**EEL 6764 001: Graduate Computer Architecture**

**Spring 2025**

**Instructor: Dr. Srinivas Katkoori**

**Homework 1**

Assigned on Monday, 27th January.

DUE: 11:59:59PM, Monday, 10th February via Canvas

Upload your solutions in PDF format.

No late work will be accepted.

1. (20 pts) Amdahl’s Law – Solve Problem 1.15 (a, b, c, d) on pages 74 – 75.
2. (10 pts) Decide whether each of the following is true or false. Add brief explanation (1-2 sentences) to get full credit.
   1. The performance of the system is limited by the fastest component even if some components are made 7X slower.
   2. You can pay attention to Amdahl’s law because it is still applicable.
   3. CPI rating of a processor is a good metric to measure its performance.
   4. The future of performance improvement will be mostly dependent on parallelization of programming rather than blindly adding multiple cores to a chip.
3. (10 pts) Fabrication Cost: Solve problem 1.2 of Case Study 1 on page 68.

Assume Wafer Yield is 100%.

Hint: Review textbook examples on Pages 33 and 34.

1. (20 pts) A cell phone performs very different tasks, including streaming music, streaming video, and reading email. These tasks perform very different computing tasks. Battery life and overheating are two common problems for cell phones, so reducing power and energy consumption are critical. In this problem, we consider what to do when the user is not using the phone to its full computing capacity. For these problems, we will evaluate an unrealistic scenario in which the cell phone has no specialized processing units. Instead, it has a quad-core, general purpose processing unit. Each core uses 1 W at full use. For email-related tasks, the quad-core is 8X as fast as necessary.

Hint: Review textbook example on Page 25.

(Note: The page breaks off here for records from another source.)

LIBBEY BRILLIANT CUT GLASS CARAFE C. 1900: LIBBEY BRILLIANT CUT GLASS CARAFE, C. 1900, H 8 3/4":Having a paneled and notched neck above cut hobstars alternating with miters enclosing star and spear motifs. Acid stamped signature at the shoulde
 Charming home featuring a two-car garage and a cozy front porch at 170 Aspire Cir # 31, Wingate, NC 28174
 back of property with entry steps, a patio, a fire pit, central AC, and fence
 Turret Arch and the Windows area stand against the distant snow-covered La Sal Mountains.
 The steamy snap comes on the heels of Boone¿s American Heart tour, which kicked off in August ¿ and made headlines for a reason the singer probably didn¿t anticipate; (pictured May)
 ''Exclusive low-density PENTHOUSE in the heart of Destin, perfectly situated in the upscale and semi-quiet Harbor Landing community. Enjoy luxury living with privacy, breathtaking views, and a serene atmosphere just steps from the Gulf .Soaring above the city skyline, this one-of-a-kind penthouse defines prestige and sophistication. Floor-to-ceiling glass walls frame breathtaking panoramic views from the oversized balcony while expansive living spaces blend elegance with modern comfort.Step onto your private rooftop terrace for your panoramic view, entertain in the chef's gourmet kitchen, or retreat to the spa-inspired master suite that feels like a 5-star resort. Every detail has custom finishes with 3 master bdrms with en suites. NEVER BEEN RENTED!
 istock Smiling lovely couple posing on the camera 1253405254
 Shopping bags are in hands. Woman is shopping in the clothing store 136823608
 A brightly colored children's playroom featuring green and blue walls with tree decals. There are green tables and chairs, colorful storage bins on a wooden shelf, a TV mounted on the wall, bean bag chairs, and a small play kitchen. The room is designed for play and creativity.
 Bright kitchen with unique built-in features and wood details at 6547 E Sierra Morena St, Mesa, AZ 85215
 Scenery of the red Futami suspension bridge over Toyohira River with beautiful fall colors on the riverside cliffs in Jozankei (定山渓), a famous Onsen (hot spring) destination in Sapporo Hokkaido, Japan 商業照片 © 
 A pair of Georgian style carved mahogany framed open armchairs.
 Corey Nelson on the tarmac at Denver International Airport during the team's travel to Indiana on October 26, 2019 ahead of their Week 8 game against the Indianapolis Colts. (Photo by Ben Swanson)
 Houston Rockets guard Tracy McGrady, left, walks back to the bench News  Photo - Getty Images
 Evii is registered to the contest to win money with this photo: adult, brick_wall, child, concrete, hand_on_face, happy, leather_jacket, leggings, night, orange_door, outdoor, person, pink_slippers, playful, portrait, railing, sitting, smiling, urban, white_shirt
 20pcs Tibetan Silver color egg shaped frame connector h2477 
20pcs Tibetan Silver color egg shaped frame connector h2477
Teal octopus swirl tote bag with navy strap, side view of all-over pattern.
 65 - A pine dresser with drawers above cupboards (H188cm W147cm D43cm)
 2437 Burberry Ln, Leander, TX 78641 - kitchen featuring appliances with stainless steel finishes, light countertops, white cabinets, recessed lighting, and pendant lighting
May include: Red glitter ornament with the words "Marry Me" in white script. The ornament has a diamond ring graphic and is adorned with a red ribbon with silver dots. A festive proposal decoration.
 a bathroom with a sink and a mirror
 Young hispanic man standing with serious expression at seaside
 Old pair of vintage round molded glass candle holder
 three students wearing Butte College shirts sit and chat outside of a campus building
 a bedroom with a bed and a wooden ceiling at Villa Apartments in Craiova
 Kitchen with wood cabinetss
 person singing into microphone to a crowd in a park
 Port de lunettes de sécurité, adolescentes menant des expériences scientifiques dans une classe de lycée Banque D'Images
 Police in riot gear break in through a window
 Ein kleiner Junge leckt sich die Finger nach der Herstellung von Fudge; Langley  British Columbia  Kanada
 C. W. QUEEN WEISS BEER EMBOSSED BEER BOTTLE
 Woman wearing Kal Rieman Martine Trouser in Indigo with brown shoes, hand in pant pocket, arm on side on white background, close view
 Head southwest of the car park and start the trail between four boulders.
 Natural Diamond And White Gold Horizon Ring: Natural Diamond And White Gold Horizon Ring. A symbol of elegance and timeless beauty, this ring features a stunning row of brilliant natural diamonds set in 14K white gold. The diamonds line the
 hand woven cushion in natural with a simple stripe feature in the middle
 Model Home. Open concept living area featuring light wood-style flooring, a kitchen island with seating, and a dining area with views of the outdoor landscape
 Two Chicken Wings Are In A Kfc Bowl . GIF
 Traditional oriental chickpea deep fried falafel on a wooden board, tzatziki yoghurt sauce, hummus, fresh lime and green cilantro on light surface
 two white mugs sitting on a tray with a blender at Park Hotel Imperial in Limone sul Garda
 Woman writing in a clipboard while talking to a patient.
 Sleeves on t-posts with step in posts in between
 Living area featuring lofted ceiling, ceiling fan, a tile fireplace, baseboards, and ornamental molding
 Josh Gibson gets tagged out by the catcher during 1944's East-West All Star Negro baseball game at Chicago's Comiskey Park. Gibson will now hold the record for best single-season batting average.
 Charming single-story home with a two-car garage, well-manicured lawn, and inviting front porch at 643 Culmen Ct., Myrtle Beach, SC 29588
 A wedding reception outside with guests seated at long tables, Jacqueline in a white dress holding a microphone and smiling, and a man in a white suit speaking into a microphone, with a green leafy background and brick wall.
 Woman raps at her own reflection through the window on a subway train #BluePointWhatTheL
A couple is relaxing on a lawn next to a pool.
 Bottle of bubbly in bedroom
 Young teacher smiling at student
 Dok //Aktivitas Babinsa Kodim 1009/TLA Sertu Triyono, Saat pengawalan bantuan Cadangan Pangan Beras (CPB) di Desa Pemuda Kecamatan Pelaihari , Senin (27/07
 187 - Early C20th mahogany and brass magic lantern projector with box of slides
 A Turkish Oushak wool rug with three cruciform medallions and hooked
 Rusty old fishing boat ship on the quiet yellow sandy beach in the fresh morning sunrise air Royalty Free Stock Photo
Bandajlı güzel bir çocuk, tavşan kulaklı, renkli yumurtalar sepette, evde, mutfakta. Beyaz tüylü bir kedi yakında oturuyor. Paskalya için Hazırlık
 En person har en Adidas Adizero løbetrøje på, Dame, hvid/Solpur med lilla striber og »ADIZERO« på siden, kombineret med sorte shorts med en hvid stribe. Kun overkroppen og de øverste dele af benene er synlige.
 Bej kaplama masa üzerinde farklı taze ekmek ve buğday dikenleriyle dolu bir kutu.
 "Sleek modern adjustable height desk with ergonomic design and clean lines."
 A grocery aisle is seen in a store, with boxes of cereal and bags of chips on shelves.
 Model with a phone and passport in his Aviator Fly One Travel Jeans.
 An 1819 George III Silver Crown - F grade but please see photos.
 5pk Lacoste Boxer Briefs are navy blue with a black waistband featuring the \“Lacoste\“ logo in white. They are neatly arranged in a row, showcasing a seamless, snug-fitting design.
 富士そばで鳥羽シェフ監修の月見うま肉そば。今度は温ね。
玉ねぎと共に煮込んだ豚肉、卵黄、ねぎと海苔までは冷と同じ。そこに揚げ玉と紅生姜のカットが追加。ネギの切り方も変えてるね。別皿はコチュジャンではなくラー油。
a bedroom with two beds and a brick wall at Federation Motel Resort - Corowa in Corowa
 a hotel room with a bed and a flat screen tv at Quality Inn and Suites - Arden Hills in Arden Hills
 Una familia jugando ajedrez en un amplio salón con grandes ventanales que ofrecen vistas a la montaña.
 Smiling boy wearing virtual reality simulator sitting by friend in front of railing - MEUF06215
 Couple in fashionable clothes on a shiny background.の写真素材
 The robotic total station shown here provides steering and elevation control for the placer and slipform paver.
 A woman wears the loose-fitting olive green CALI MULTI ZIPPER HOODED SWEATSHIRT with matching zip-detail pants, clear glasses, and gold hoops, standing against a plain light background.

1. How much dynamic energy and power are required compared to running at full power? First, suppose that the quad-core operates for 1/2 of the time and is idle for the rest of the time. That is, the clock is disabled for 1/2 of the time, with no leakage occurring during that time. Compare total dynamic energy as well as dynamic power while the core is running.
2. How much dynamic energy and power are required using frequency and voltage scaling? Assume frequency and voltage are both reduced to 1/4 the entire time.
3. Now assume the voltage may not decrease below 70% of the original voltage. This voltage is referred to as the voltage floor, and any voltage lower than that will lose the state. Therefore, while the frequency can keep decreasing, the voltage cannot. What are the dynamic energy and power savings in this case?
4. How much energy is used with a dark silicon approach? This involves creating specialized ASIC hardware for each major task and power gating those elements when not in use. Only one general-purpose core would be provided, and the rest of the chip would be filled with specialized units. For email, the one core would operate for 25% the time and be turned completely off with power gating for the other 75% of the time. During the other 75% of the time, a specialized ASIC unit that requires 20% of the energy of a core would be running.
5. (10 pts) Effective CPI: Solve problem A.3 in Appendix A on page A-48.
6. (10 pts) CISC Architecture: Pick any CISC architecture and examine its instruction set architecture and answer the following questions. You can search online for the ISA summary for the processor you have chosen. **Cite the source(s) you have used for this problem.** 
   1. What makes it a CISC Architecture?
   2. List all instructions that you think are “complex” in nature?
   3. List all addressing modes supported by the processor.
7. (10 pts) We begin with a computer implemented in single-cycle implementation. When the stages are split by functionality, the stages do not require exactly the same amount of time. The original machine had a clock cycle time of 13 ns. After the stages were split, the measured times were IF, 2 ns; ID, 3.5 ns; EX, 1 ns; MEM, 4 ns; and WB, 2.5 ns. The pipeline register delay is 0.1 ns.
   1. What is the clock cycle time of the 5-stage pipelined machine?
   2. If there is a stall every four instructions, what is the CPI of the new machine?
   3. What is the speedup of the pipelined machine over the single-cycle machine?
   4. If the pipelined machine had an infinite number of stages, what would its speedup be over the single-cycle machine?
8. (10 pts) What are the four types of architecture according to Flynn’s taxonomy? For each architecture, identify what kinds of parallelism are exploited?